DATA TO EXAMINE.
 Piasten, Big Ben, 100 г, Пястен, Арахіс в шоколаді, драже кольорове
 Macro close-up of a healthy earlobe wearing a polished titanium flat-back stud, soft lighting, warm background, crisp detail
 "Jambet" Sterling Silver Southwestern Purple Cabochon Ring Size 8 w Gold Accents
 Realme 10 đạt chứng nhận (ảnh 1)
---
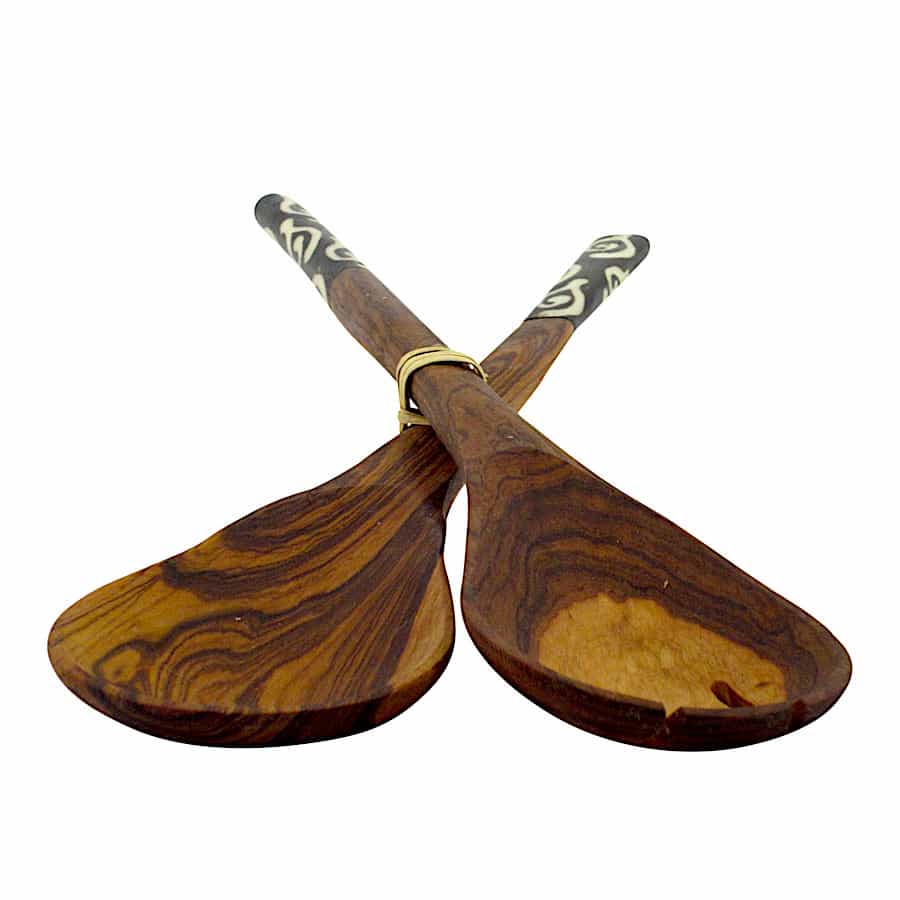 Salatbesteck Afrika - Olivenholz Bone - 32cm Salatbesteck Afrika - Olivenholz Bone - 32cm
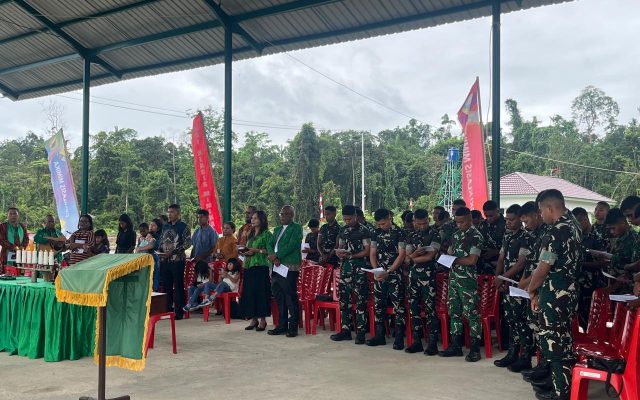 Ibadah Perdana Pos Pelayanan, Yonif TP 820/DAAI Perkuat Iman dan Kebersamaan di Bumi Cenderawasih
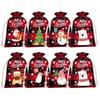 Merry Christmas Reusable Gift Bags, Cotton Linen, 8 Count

TASK DIRECTIONS.
Using the data above, reproduce exactly the lines from the line that contains "Piasten, Big Ben, 100" through the line that contains "Realme 10 đạt chứng nhận (ảnh 1)", including both.

SOLUTION BELOW.
 Piasten, Big Ben, 100 г, Пястен, Арахіс в шоколаді, драже кольорове
 Macro close-up of a healthy earlobe wearing a polished titanium flat-back stud, soft lighting, warm background, crisp detail
 "Jambet" Sterling Silver Southwestern Purple Cabochon Ring Size 8 w Gold Accents
 Realme 10 đạt chứng nhận (ảnh 1)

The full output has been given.